▶ The problem:
Leave out the pictures and retype, exactly, the lines below from the line with "Tall bearded Iris" up to and including the line with "D) neurotransmisor - las células de Schwann.", nothing more.

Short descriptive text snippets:

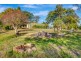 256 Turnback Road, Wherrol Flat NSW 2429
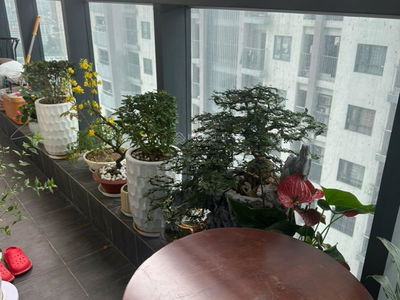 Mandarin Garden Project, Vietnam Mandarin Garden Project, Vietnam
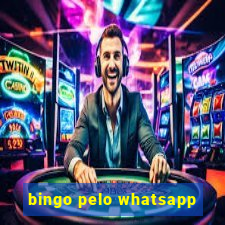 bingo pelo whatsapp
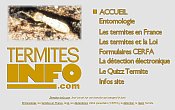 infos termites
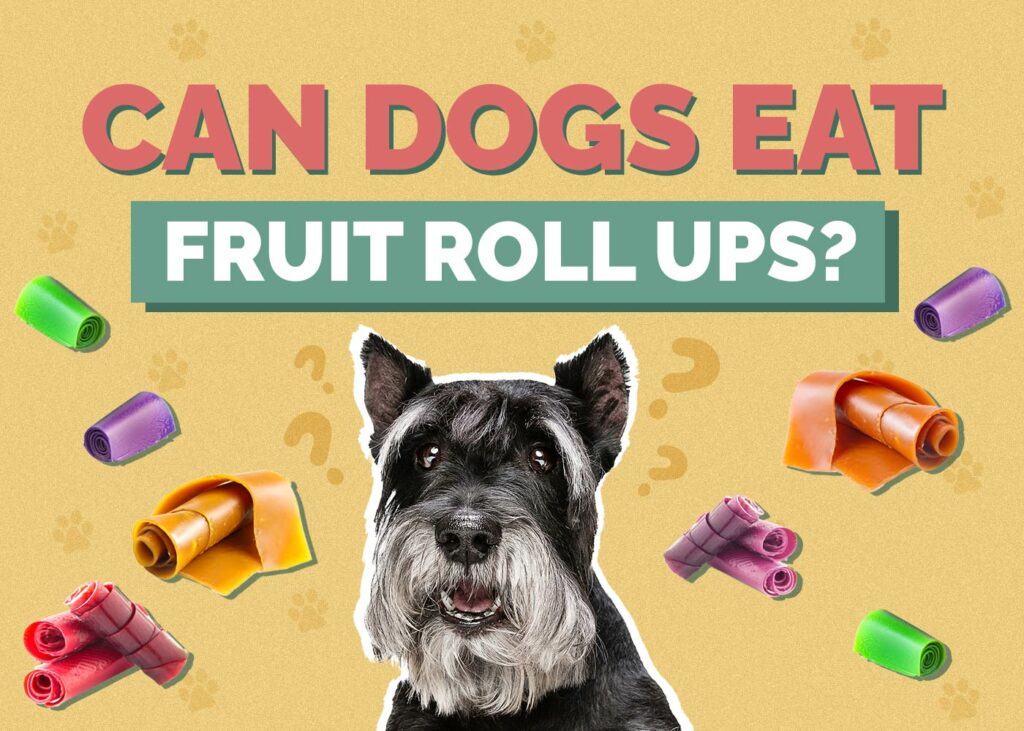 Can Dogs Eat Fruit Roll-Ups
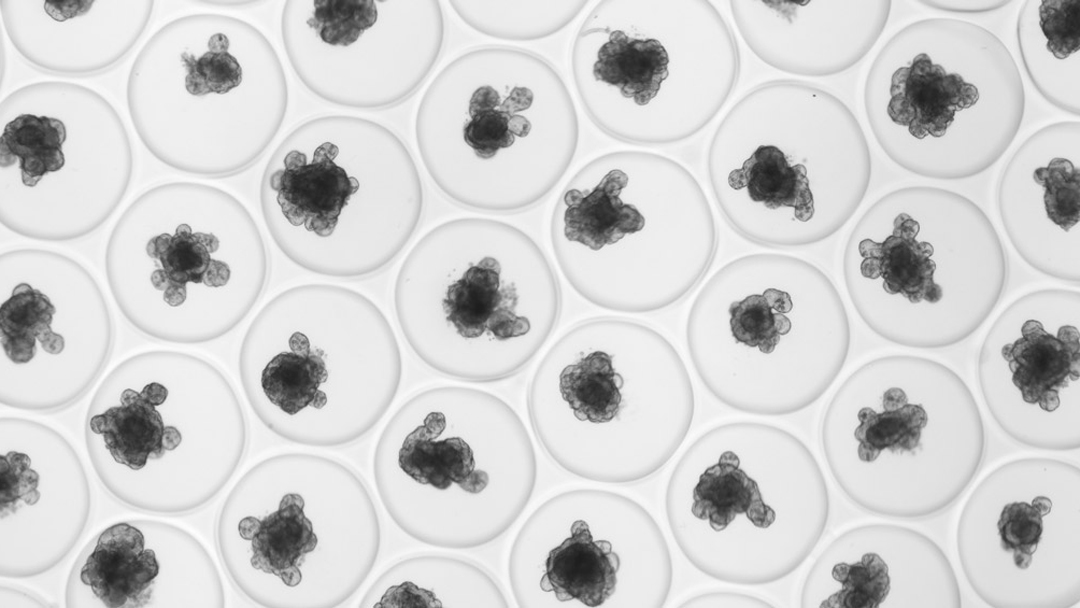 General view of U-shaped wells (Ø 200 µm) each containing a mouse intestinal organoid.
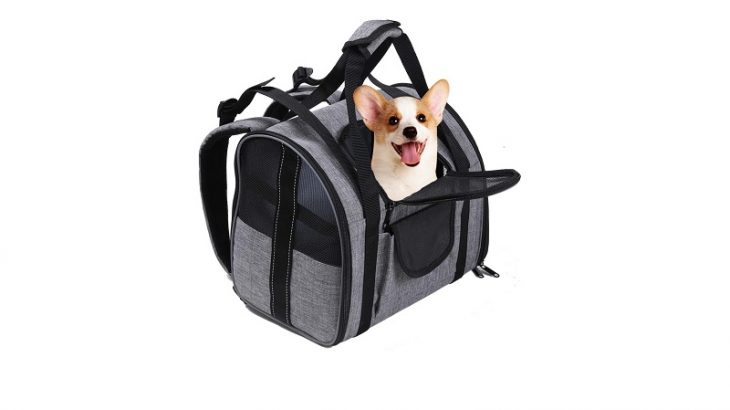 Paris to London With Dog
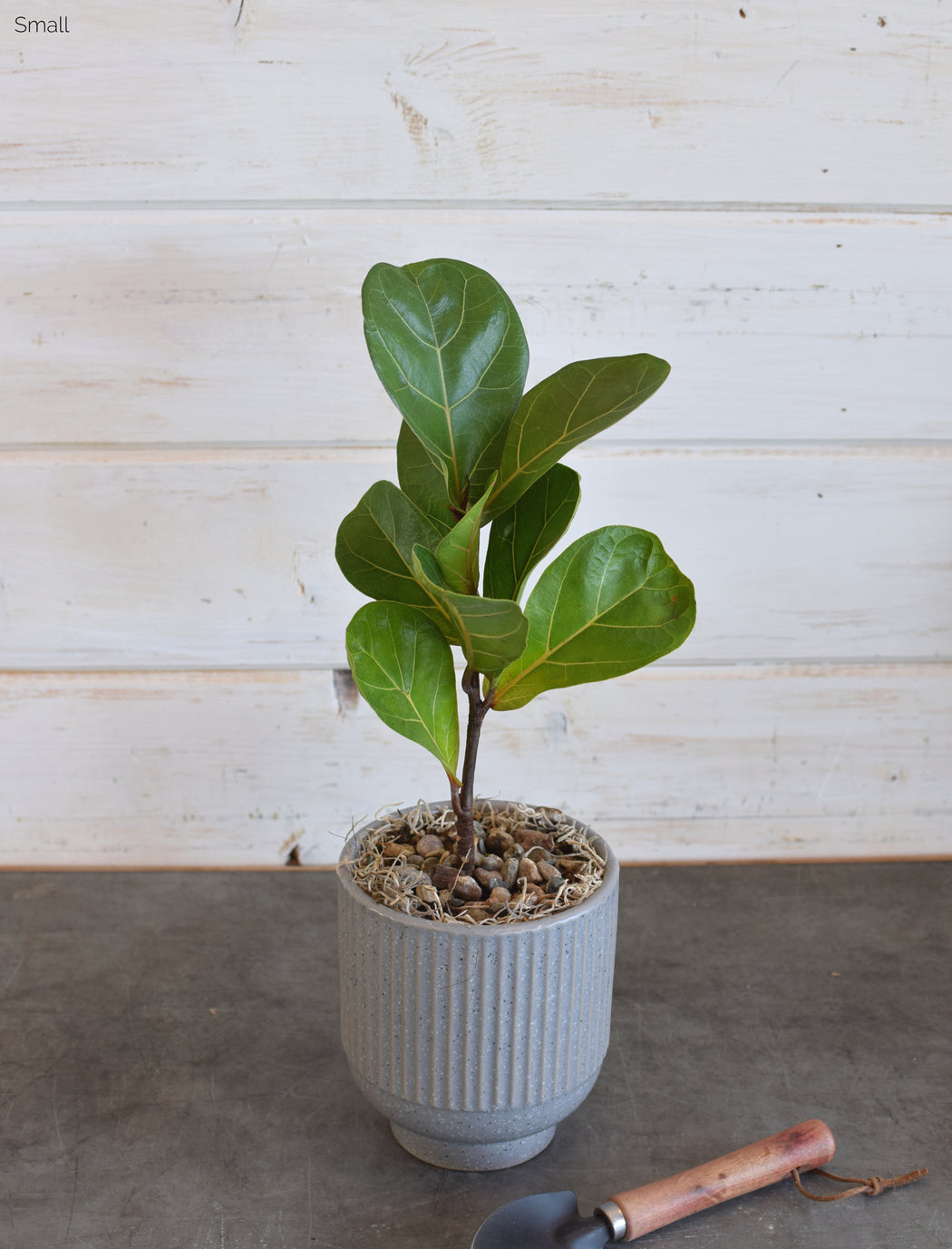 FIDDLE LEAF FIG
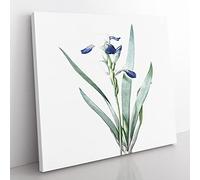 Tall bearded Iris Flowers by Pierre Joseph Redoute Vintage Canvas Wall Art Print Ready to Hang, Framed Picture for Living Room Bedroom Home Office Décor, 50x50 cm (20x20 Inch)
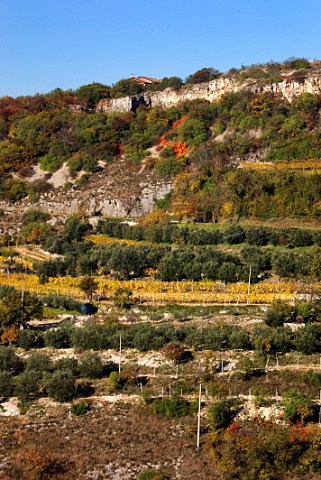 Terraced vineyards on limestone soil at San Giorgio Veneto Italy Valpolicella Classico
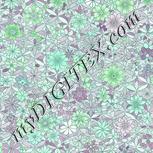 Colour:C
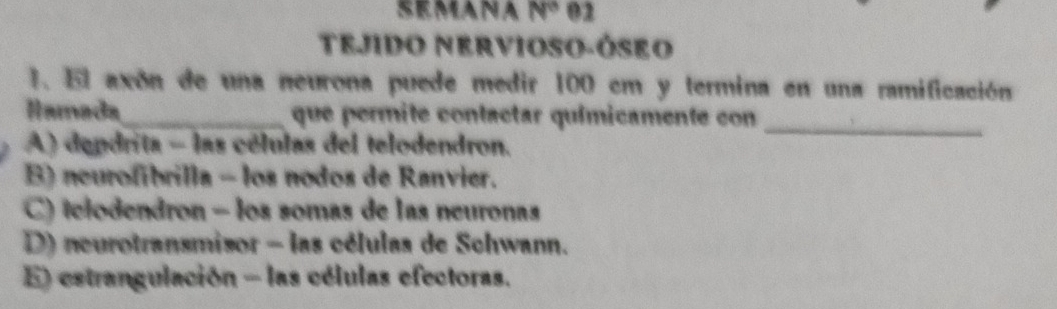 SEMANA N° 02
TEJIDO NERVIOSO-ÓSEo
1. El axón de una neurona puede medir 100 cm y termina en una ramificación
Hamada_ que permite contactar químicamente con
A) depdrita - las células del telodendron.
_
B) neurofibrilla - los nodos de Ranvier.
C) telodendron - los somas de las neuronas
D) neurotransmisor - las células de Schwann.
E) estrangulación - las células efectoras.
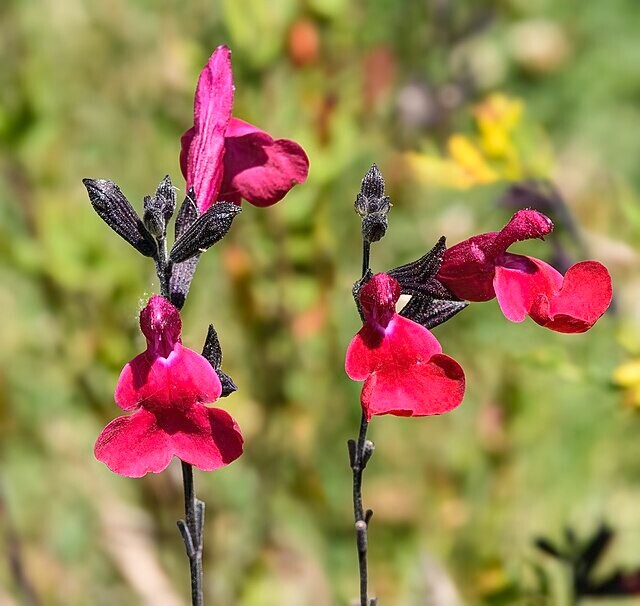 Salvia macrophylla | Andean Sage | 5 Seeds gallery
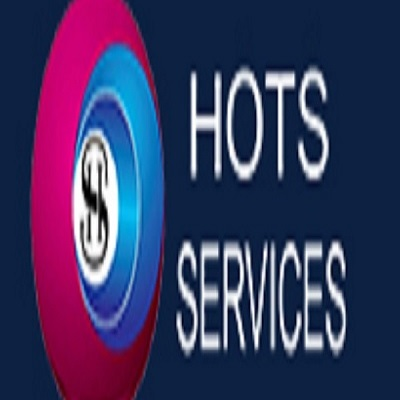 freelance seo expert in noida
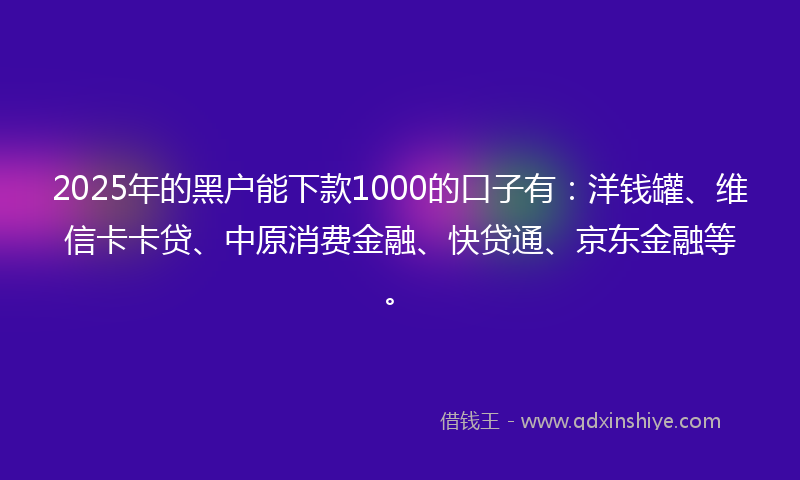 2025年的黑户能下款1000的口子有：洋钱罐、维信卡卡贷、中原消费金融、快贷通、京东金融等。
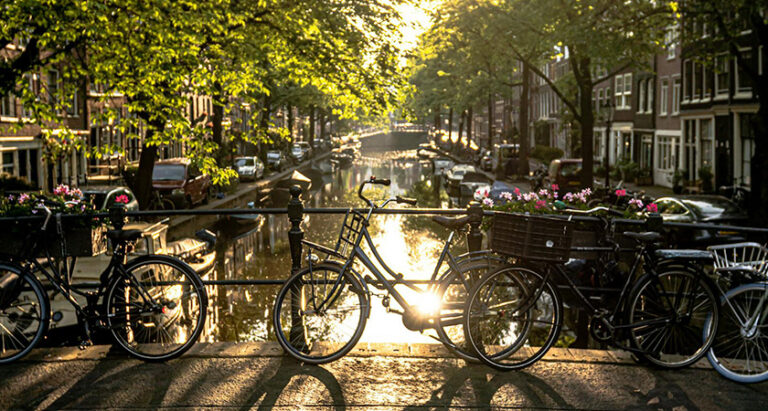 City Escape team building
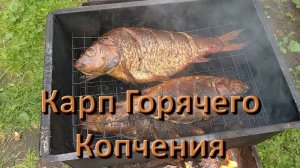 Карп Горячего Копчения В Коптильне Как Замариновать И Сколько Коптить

▶ Answer section:
 Tall bearded Iris Flowers by Pierre Joseph Redoute Vintage Canvas Wall Art Print Ready to Hang, Framed Picture for Living Room Bedroom Home Office Décor, 50x50 cm (20x20 Inch)
 Terraced vineyards on limestone soil at San Giorgio Veneto Italy Valpolicella Classico
 Colour:C
 SEMANA N° 02
TEJIDO NERVIOSO-ÓSEo
1. El axón de una neurona puede medir 100 cm y termina en una ramificación
Hamada_ que permite contactar químicamente con
A) depdrita - las células del telodendron.
_
B) neurofibrilla - los nodos de Ranvier.
C) telodendron - los somas de las neuronas
D) neurotransmisor - las células de Schwann.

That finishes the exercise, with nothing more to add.